<防戦の地元スーパー>
イズミは中国・九州で近隣型商業施設(ネイバーフッド・ショッピングセンター、NSC)といわれる中規模商業施設の大量出店に乗り出している。年平均10店で16年2月期までに30店に拡大する計画。NSCはゆめタウンの広域集客より商圏を小さく取り、食品や実用衣料、日用雑貨、医薬品など生活必需品を主力に扱う。テナントはSMとドラッグを核店舗に書店や眼鏡店、ファーストフードなどで構成する。
背景には、ゆめタウンの出店が一巡したことに加え、改正まちづくり3法の規制で延床面積1万m2超の大型商業施設の新設が難しくなっていることがある。益城店を除き、4店はすべて第1種大型店に該当しない1万m2未満に抑えている。
事情はイオンも同じで、大型のモール型施設の出店が難しくなったことから、中型の「イオンタウン」に軸足を移す。
<菊陽町は乱戦もよう>
県外大手の進出ラッシュで地元スーパーは影響を免れない。
玉名市では1昨年、ジャスコ玉名店跡を継承した(株)ビッグミカエル(2階建て、店舗面積7,500m2)がゆめマートの開店で客を奪われそうだ。1,200台収容の大型駐車場を完備しJR駅前立地で交通環境には恵まれているものの、施設が老朽化しているうえ(ジャスコの前は寿屋)、集客力のある有力テナントを欠く。
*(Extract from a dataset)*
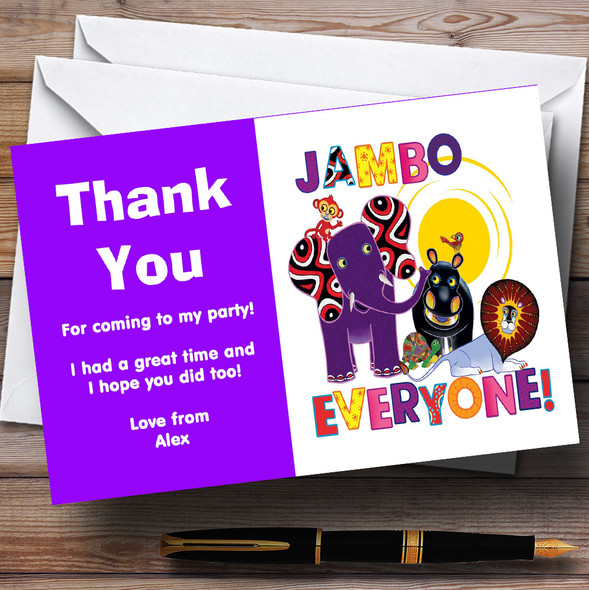 Tinga Tinga Tales Personalized Children's Birthday Party Thank You Cards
ビッグミカエルは年商40億円余りで積極的な改装投資に踏み切るだけの企業体力は乏しい。
HIひろせとドン・キホーテのDS2社が出店する菊陽町は、イオン菊陽店やゆめタウン光の森、スーパーキッド、マックスバリュ九州、マルミヤストアのDS「アタックス」などの大型店・有力店がひしめく。12月にはダイレックス、来年1月にはコスモス薬品が出店し、激戦に拍車がかかる。地元のスーパーキッドはDS、ドラッグ4店を向こうに回して防戦に追われることになる。
「クロス21UTO」は地元の商業施設運営会社カリーノの運営する大型商業施設「宇土シティモール」と競合する。カリーノは、11年4月イオン九州が撤退した跡を受け継ぎ、投資ファンドの玄海キャピタルマネジメントから資金導入し改装、西紅の「ハローグリーンエブリ」(現ゆめマート)やスポーツ専門店ヒマラヤを誘致した。
イズミの進出する宇城市松橋では地元スーパー、マルエイが6月松橋店を開業したばかり。ダイレックスも生鮮売場を併設した新店を計画している。